U.S.-listed ETF assets have climbed $224 billion this year due to price appreciation and net inflows of $133 billion, according to ConvergEx Group.

There are more than 1,500 exchange traded products listed on domestic exchanges with total assets of $1.6 trillion. Meanwhile, aggregate daily volume in ETF trading is up 10% from last year, to $63 billion daily.

“The success of ETFs in gathering assets continued in the third quarter of 2013, and with just a few days to go inflows total $59 billion,” said Nicholas Colas, chief market strategist at ConvergEx Group, in a note Thursday.

He said tracking ETF flows provides useful information for several reasons.

“First, ETFs have become an important go-to investment class for a variety of investors, from sophisticated hedge funds to mom-and-pop retail accounts.  Flows correspond to interest in a particular asset type such as U.S. stocks or gold.  Essentially, ETFs are to capital markets what Google Trends is to the Internet. Second, ETF trading can have direct effects on the underlying securities they track.  When demand for a given ETF investment outstrips the market’s natural liquidity, authorized brokers step in to ‘Create’ more shares by purchasing the underlying assets,” the strategist wrote.

“Lastly, the transparency of ETF trading and asset composition allows for a very granular look at market trends,” Colas added.  “Mutual fund flows, for example, only come out once a week and even then the data is delayed by a few days.  ETFs, by their nature, provide more detail than mutual funds and the information is available daily.”

Here are ConvergEx Group’s top 10 takeaways from ETF third-quarter flows:

1.       No “Great Rotation” yet.  If you thought Q3 was the beginning of a tidal wave of bond money flowing into stocks, the data doesn’t support that theory.  The stock/bond split of flows for all of 2013 is 89/9; for the third quarter it is 94/6. Not much of a difference.

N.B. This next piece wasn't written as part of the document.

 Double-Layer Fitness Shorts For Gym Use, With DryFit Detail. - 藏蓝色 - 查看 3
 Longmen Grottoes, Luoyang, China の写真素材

2.       ETF investors are back to buying Emerging Markets.  Funds which track EM are up $4 billion quarter to date, versus a still negative $3.6 billion for the year 2013 as a whole.

3.       Gold/Precious Metals/Commodity funds still sloppy.  The large outflows from these former market-leading assets occurred in the first half of the year with $22 billion in redemptions.  Q3 is smaller – just $1.2 billion in commodity fund outflows.  Gold funds are the drivers of these results.  Note to the Federal Reserve: deflation is still a real threat, at least in the eyes of the ETF world.

4.       Inverse Leverage ETFs show remarkable resilience.   For the QTD, flows into these products total $1.7 billion, led by products which short small cap stocks, crude oil, the S&P 500, gold mining stocks, and NASDAQ names.

5.       That said, straight-up exposure is still the overwhelming driver of ETF flows.  Drilling down one decimal point, unlevered ETFs of all stripes (bonds, stocks, commodities, etc.) have drawn $57.7 billion of the total $58.7 billion in ETF flows this quarter.

6.       The hot sectors this quarter were Basic Materials, Technology and Health Care, each with over $2 billion of fresh money.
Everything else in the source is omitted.